Crow is going home to North Carolina. There the
tough young Cherokee prosecutor and her two closest
friends will hike a beautiful but demanding
wilderness trail.
They will be
followed into the mountains by a man obsessed with
revenge. And they will become the prey of another
man, a ruthless predator, who thrills to the
hunt.
Soon they will be
pushed to the limits of their endurance - and
beyond - as they discover their own chilling
capacity for loyalty and violence.
We
Say
It is not
uncommon for a plot of a novel, or movie to include
the stalking of a woman by a deranged killer. The B
movie is filled with innocent and completely stupid
women running into the woods in high heels while
some maniac is trying to kill them. Thankfully this
is not one of those novels. While Sallie Bissell's
debut novel, In the Forest of Harm, is about three
women pursued by deranged men, it is not a novel
about three stupid women running through the
forest, rather it is a novel about the friendship
that these women share that provides them with a
strength they did not know they
possessed.
Bissell avoids
using any clichés in the creation of Mary
Crow. Although Mary is of Cherokee descent, Bissell
does not fill the novel with Mary's unusual
abilities because she is a Cherokee. Rather Mary's
past provides the insight into why she has become
the woman she is. Fallible and far from perfect,
Mary is not obsessed with her looks or her career;
rather she is haunted by the murder of her mother
and the lack of closure due to the unsolved case.

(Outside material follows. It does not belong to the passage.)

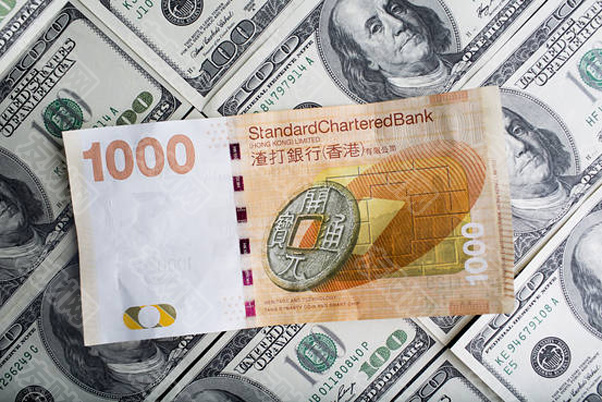 全球表现最佳的套利交易 再度引发香港联系汇率制度的辩论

Woven into Mary's tale is her Cherokee beliefs
without fanfare or stereotyping.
In Joan and Alex,
Mary's closest friends, Bissell creates characters
that compliment Mary. While these women are not at
home in the woods like Mary, they are not
completely helpless. All three women draw on the
strength of the others at crucial moments in order
to save each other's lives. What is perhaps the
most gratifying aspect of these women is that
Bissell does not make them perfect; she shows us
their bad sides when terror strikes, and then
allows them to redeem themselves just when the
chips are down. Bissell relates the experiences of
these women in painfully graphic detail, and at
times it makes the reader long to put aside the
horror, but Bissell's skill as a writer makes it
impossible to stop reading.
There are two men
who hunt these women. One is bent on revenge; the
other is a psychopath that does not hesitate to
kill. They must defeat both men to survive. One man
is educated and wealthy, the other an outcast but
both are capable of the unthinkable. Bissell has
provided insight into the twisted thinking of each
predator making them come alive for the reader in
horrifying detail.
Reading this
novel is akin to watching a well made horror and
suspense movie. You may be terrified to watch what
is going to happen, and you may long to look away,
but you can't. You are compelled to watch each
graphic event, even if you are peeking between the
fingers covering your face. You have no choice
because Bissell has skillfully drawn you into her
tale. This is one of those novels that you will
want to read in one sitting. Do not make the
mistake of beginning it too late in the evening or
you just may be reading until the wee hours of the
morning. In the Forest of Harm may be Bissell's
debut novel, but what a novel it is. I can hardly
wait until her next novel comes out.